Figure 13 and 14 showed that oil production in the cases of “A” and “B” showed a similar decrease. However, oil production in the case of “C” decreased after the effect of the aquifer disappeared, and then regular oil production resumed by oil flow from the oil boundary after 1.5 days. The monotonic production behavior exhibited in all three cases showed that the type of fluid in the fracture did not change after the original oil-saturated fracture became saturated by water caused by the effect of the aquifer on the FBR. Therefore, the decreased oil production behavior is not reversed by flowing water in the production well.

We performed simulations to observe the flow pattern of fluids under the influence of well locations for porous and fractured basement reservoirs. Figure 15 shows the oil-saturation distribution for the hybrid DFN according to well location after 10 years of production. In the case of a well located at “A”, water did not flow into the upper left side of the fractures of the production well. However, in the case of a well located at “B”, although the production well was located near the oil boundary, water flowed into the upper left side of the fractures of production well.

Figure 15

Comparison of Fracture Networks According to Well Location in the Basement Reservoir After 10 Years

Figure 16

Oil Production Rate for the Porous Reservoir System and the Basement Fractured Reservoir System

We compared the results for a porous reservoir and a fractured basement reservoir to examine the importance of fluid flow through a fracture network. As shown in Figure 16, the oil production rates of production wells located at “A” and “B” differed greatly between the two models. Therefore, the flow behavior is significantly affected by well location, because fluid flow through fractures is predominant for a fractured basement reservoir compared to a porous reservoir.

CONCLUSION

In this study, we have attempted to examine the drastic change of oil production in fractured basement reservoir. Hybrid DFN approach was applied by using local grid refinement method for representing the fracture more realistically in finite difference method simulator. From the results, we have drawn the following conclusions:

(1) In fractured reservoir using hybrid DFN approach, oil production is not found to be proportional to the magnitude of matrix permeability not as in porous system with dual-porosity approach.

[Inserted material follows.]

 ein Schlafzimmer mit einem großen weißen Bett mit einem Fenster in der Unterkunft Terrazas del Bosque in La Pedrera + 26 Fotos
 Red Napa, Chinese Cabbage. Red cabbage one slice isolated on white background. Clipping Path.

(2) In accordance with the results of hybrid DFN comparing to DP approach, the reservoir pressure declined in a form of fracture network and consequently the production behavior can be also expected to be occurred rapid change unlike smoothing change in DP approach.

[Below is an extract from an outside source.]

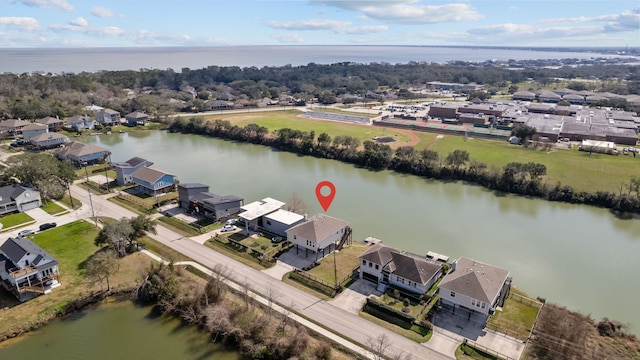 birds eye view of property with a water view and a residential view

(3) We realized that oil production is rapidly dropped once, it can not be returned back to previous level in FBR. This is because oil-saturated fracture near well is once changed to water-saturated, then, these was not anymore changes occurred within the same fracture.

(4) In the influence of well location in FBR compared against porous system, it was concluded that in FBR. Well location is much more sensitive on oil production comparing to porous reservoir, since oil flows only through extremely high conductive fracture network.